TO DO:
Transcribe everything in the listing as written, and let no image into the copy.

BEGIN

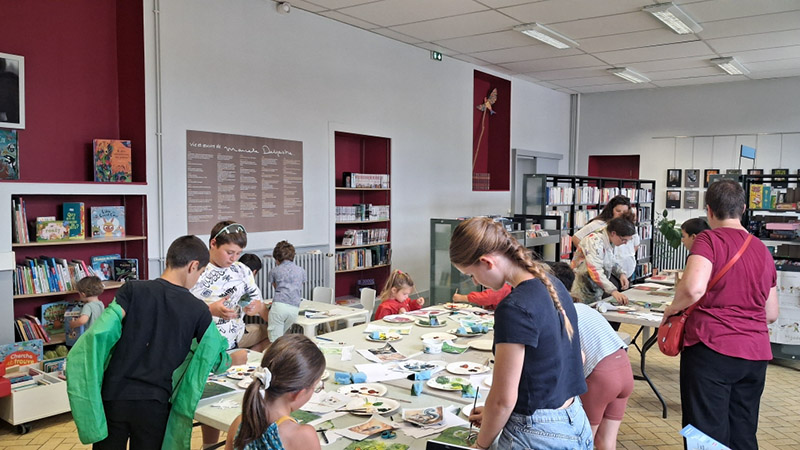 Atelier creation collective acrylique chamberet (5)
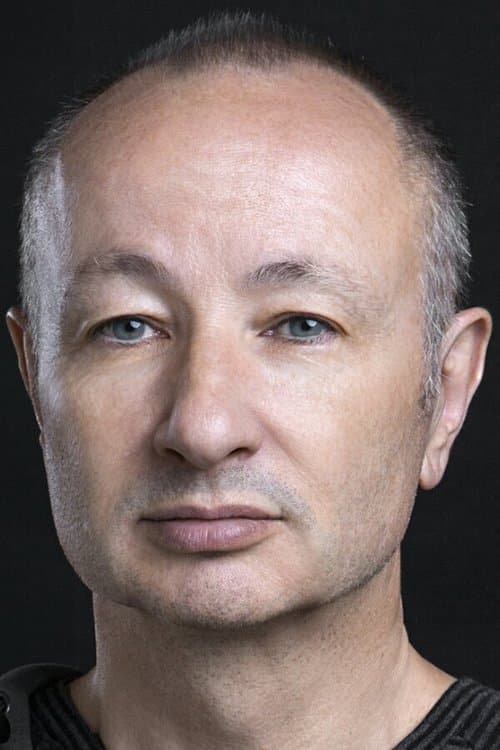 Photo of Fenton Bailey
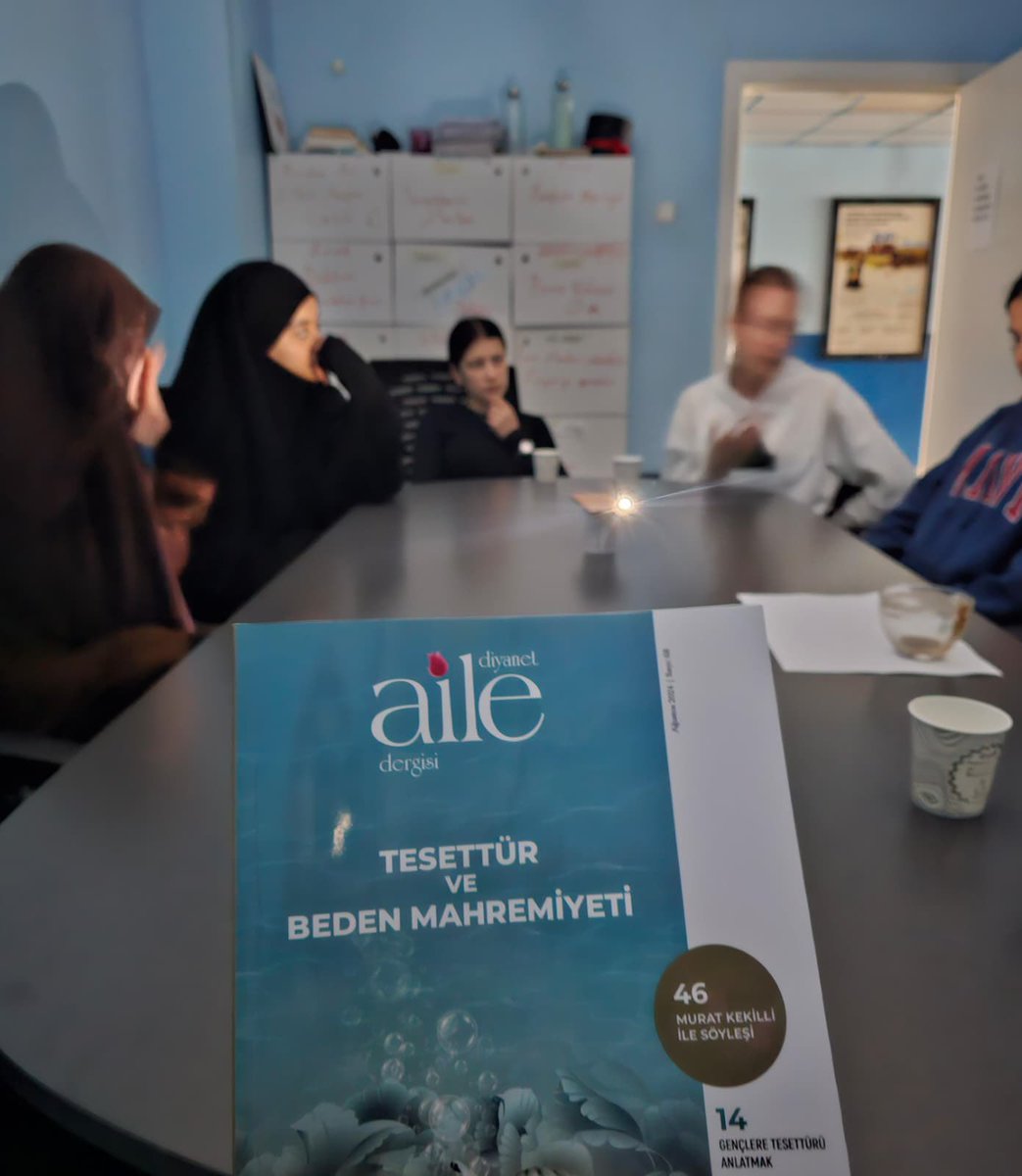 Bugün, TÜGVA Bismil Kadın ve Aile Koordinatörlüğü’nde İlçe Vaizesi Meryem Adıyaman Hanım ile “Tesettür ve Beden Mahremiyeti” üzerine keyifli bir sohbet yapıldı. Katılımcılar, bu değerlerin İslam’daki önemi hakkında bilgilendirildi.

<a href="/ibrahim_besinci/">İbrahim Beşinci</a> <a href="/abdullahkikzade/">ABDULLAH KİKİZADE</a>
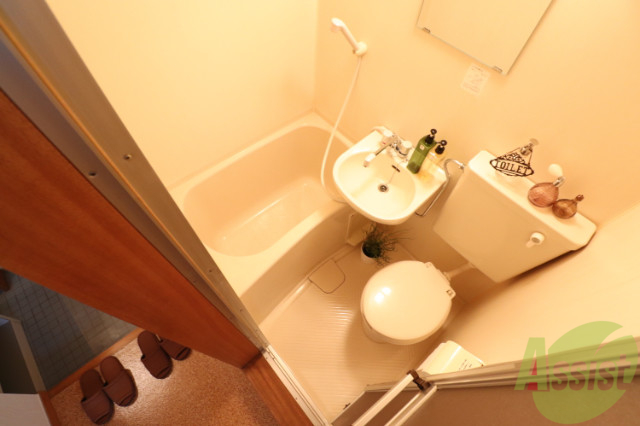 バス・シャワールーム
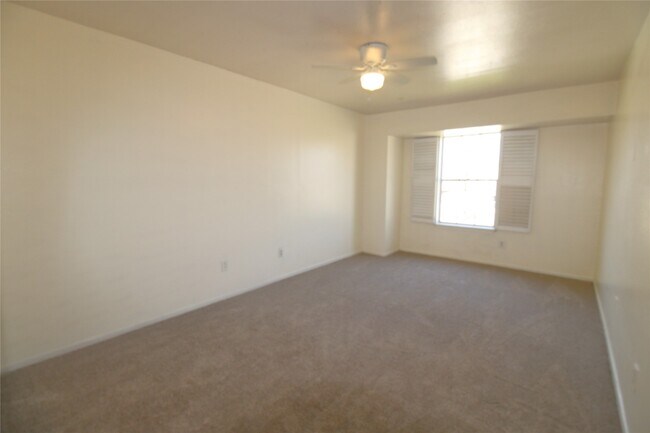 Building Photo - 3206 Briar Ct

END

SOLUTION TO THIS PROBLEM:
 Atelier creation collective acrylique chamberet (5)
 Photo of Fenton Bailey
 Bugün, TÜGVA Bismil Kadın ve Aile Koordinatörlüğü’nde İlçe Vaizesi Meryem Adıyaman Hanım ile “Tesettür ve Beden Mahremiyeti” üzerine keyifli bir sohbet yapıldı. Katılımcılar, bu değerlerin İslam’daki önemi hakkında bilgilendirildi.

<a href="/ibrahim_besinci/">İbrahim Beşinci</a> <a href="/abdullahkikzade/">ABDULLAH KİKİZADE</a>
 バス・シャワールーム
 Building Photo - 3206 Briar Ct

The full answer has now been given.